[Short web captions]
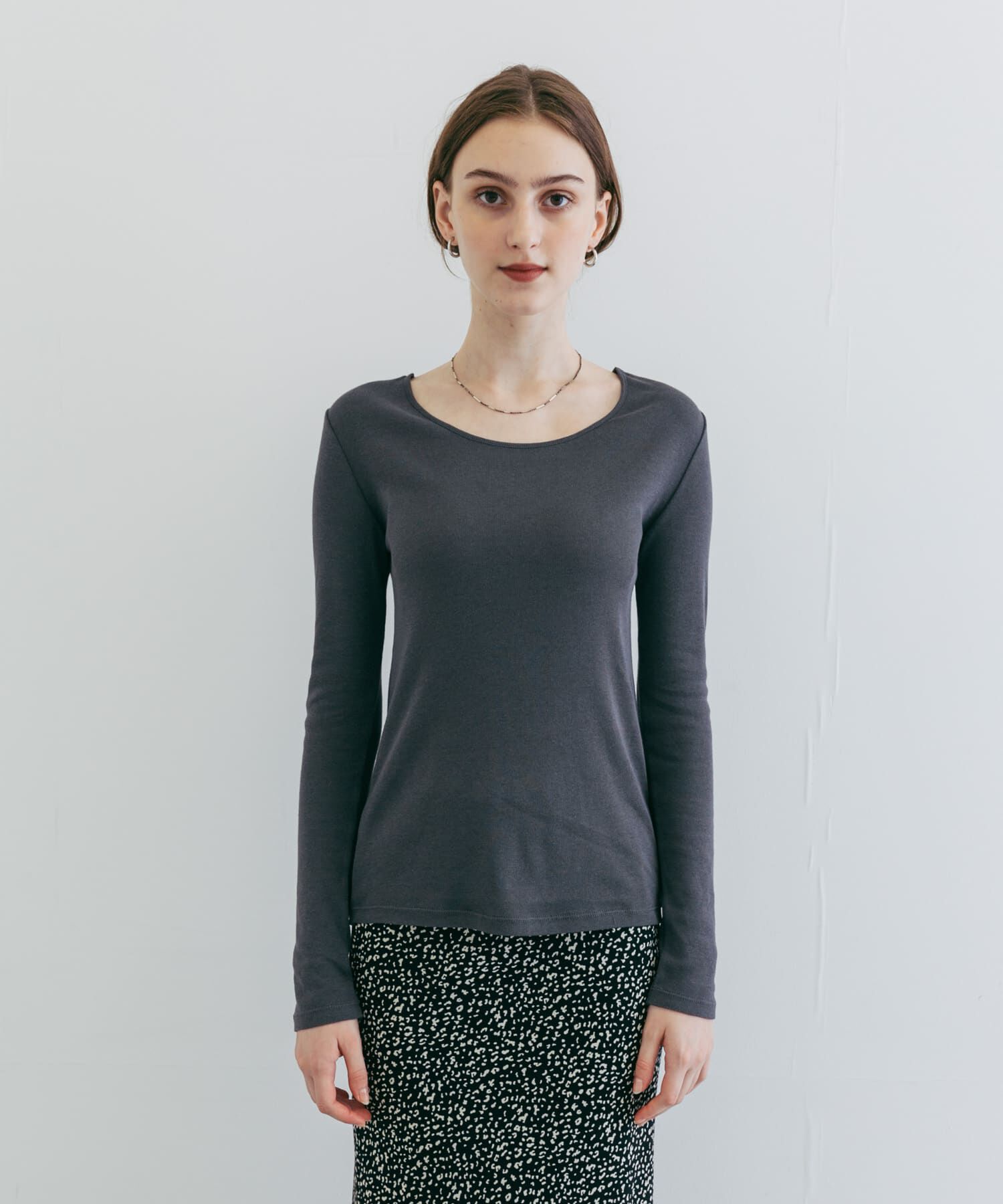 URBAN RESEARCH「『UR TECH』クルーネックロングTシャツ」|Tシャツ・カットソー|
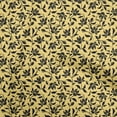 thumbnail image 1 of oneOone Cotton Jersey Yellow Fabric Floral Silhouette Dress Material Fabric Print Fabric By The Yard 58 Inch Wide, 1 of 4
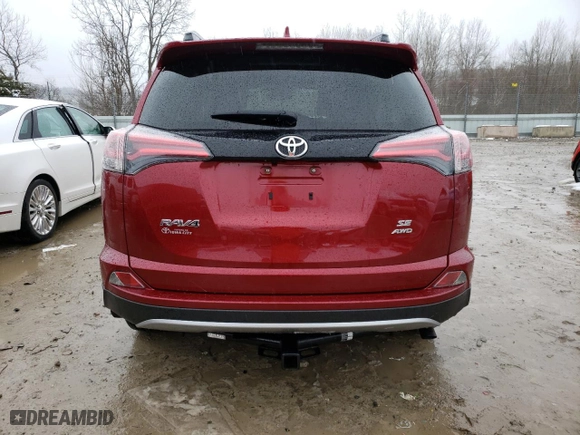 2018 Toyota RAV4 SE with VIN JTMJFREV0JD223113, listed as a Copart auction lot 44559845 with 63,324 mi miles and Salvage Title. Bid and sale history available at carsss.com. Image 6.
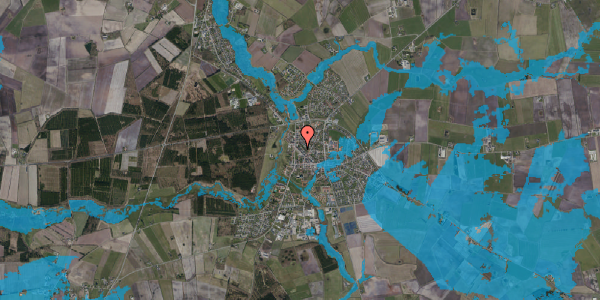 Oversvømmelsesrisiko fra vandløb på Markedsgade 9C, 6240 Løgumkloster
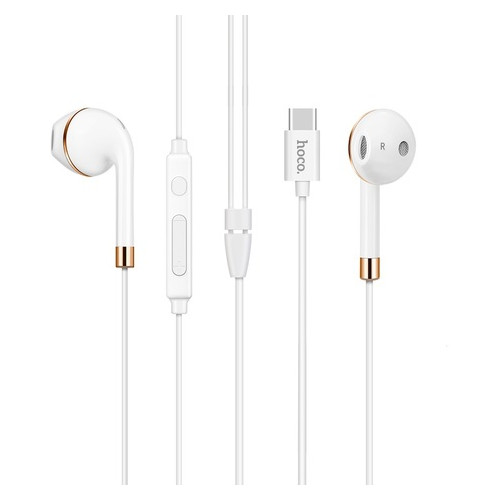 Наушники Hoco Type-C L8 White фото №1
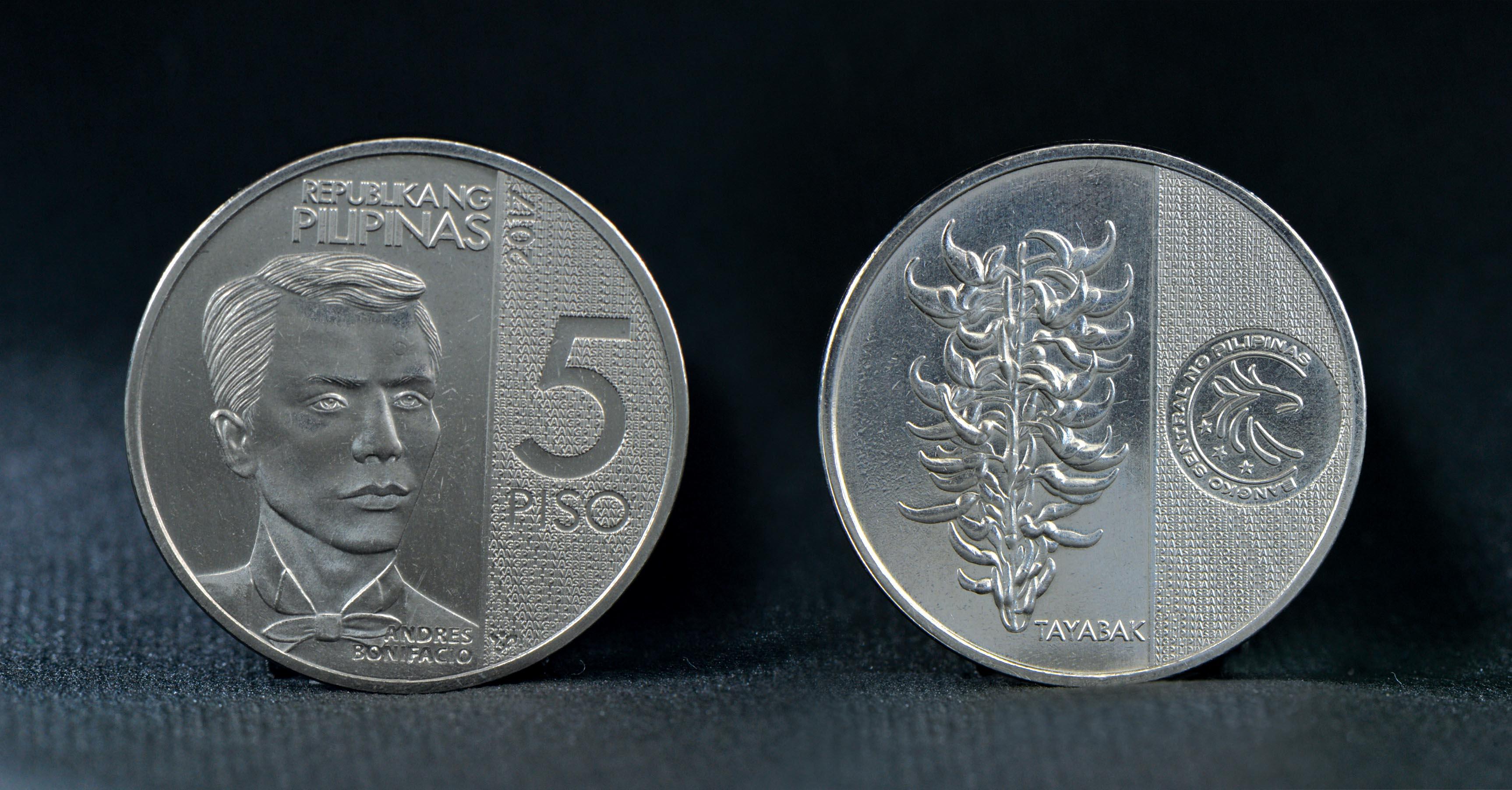 5 Peso Coin Philippines Image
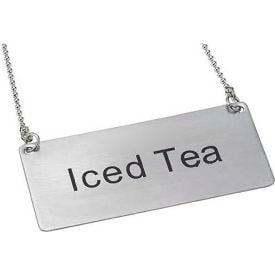 Winco SGN-205 Chain Sig Iced Tea 3-1/2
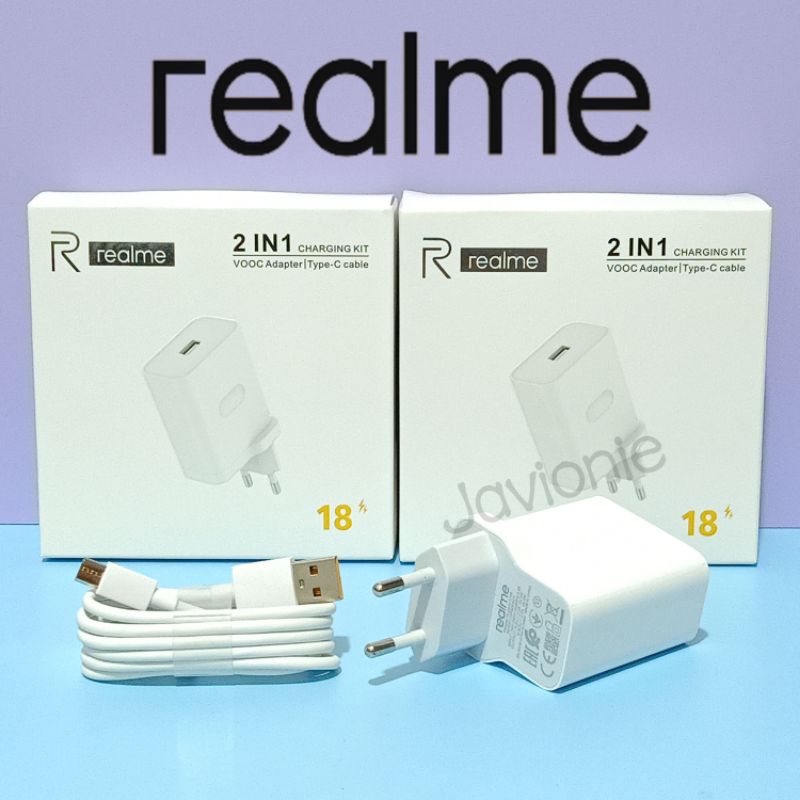 REALME Adaptor Kepala Charger Casan Cas C21 C21Y C30 C31 C33 Original Fast Charging MICRO USB 10W 18W 20W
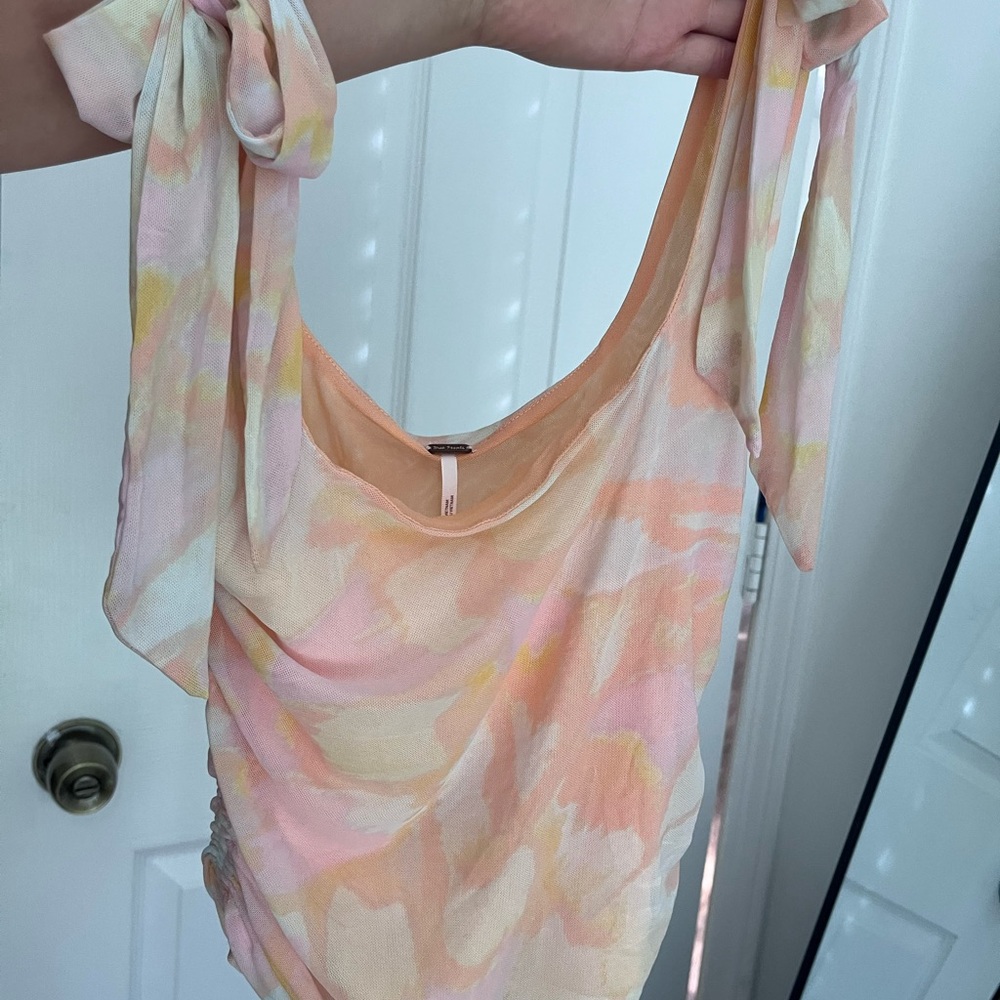 Free People Pastel Tie-Dye Women's Top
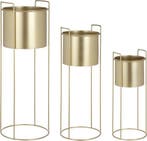 2dekans | Mica Decorations Favani Bloempot op Standaard -, Ophalen of Verzenden, Nieuw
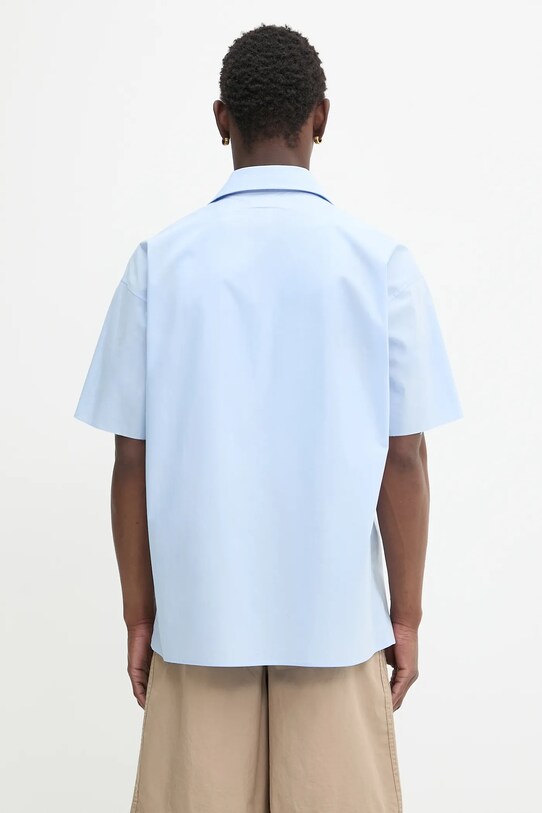 Одяг Бавовняна сорочка MM6 Maison Margiela SH2DR0004.M35256.479 блакитний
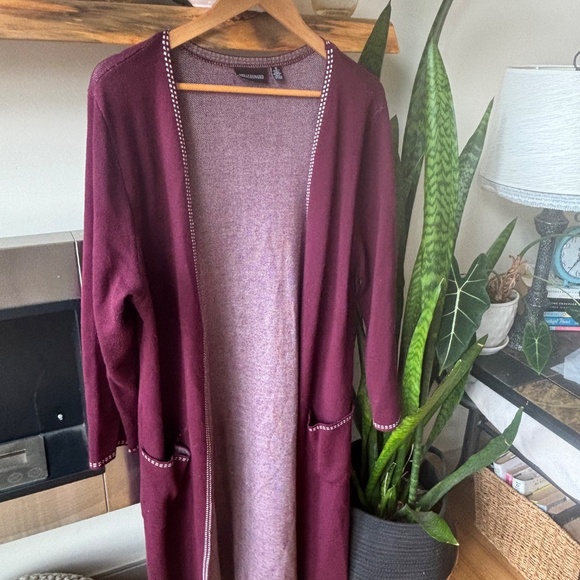 Nina Leonard Duster Cardigan - Picture 7 of 9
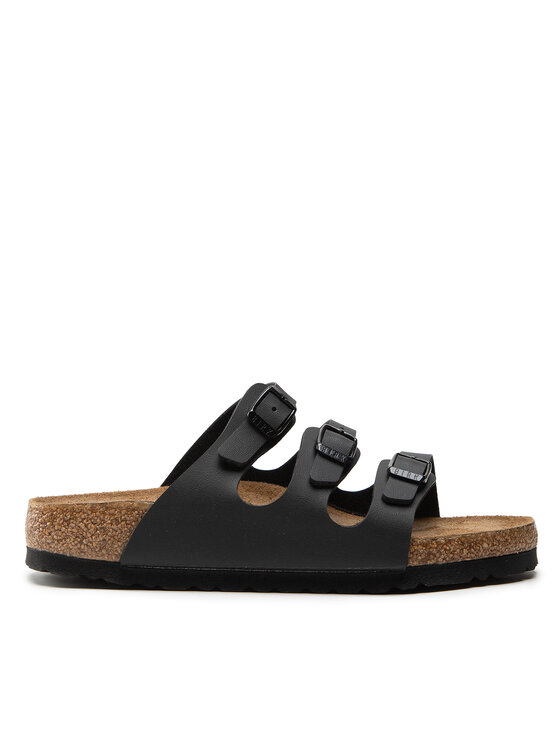 Birkenstock Чехли Florida 53013 Черен цвят на ниска цена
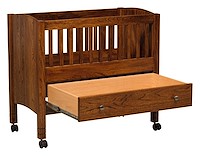 #42652: Solo Bassinet  -  with Drawer  - with Pad shown --- Shown open  --- finished with Michaels: OCS-113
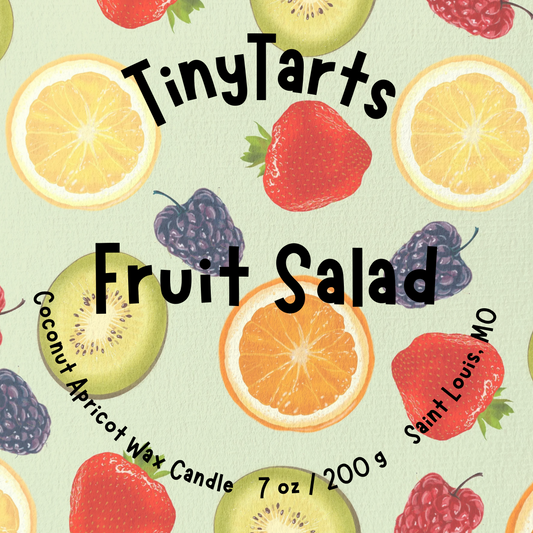 Fruit Salad TinyTarts Candle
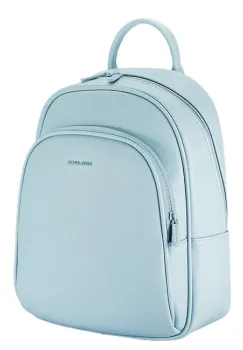 Rucsac albastru deschis David Jones Paris CM7469 18 imagine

- Brief
Once the line containing "Free People Pastel Tie-Dye Women's Top" is found, transcribe it and every line after it to the end of the records, exactly and with no pictures.

- Answer box
 Free People Pastel Tie-Dye Women's Top
 2dekans | Mica Decorations Favani Bloempot op Standaard -, Ophalen of Verzenden, Nieuw
 Одяг Бавовняна сорочка MM6 Maison Margiela SH2DR0004.M35256.479 блакитний
 Nina Leonard Duster Cardigan - Picture 7 of 9
 Birkenstock Чехли Florida 53013 Черен цвят на ниска цена
 #42652: Solo Bassinet  -  with Drawer  - with Pad shown --- Shown open  --- finished with Michaels: OCS-113
 Fruit Salad TinyTarts Candle
 Rucsac albastru deschis David Jones Paris CM7469 18 imagine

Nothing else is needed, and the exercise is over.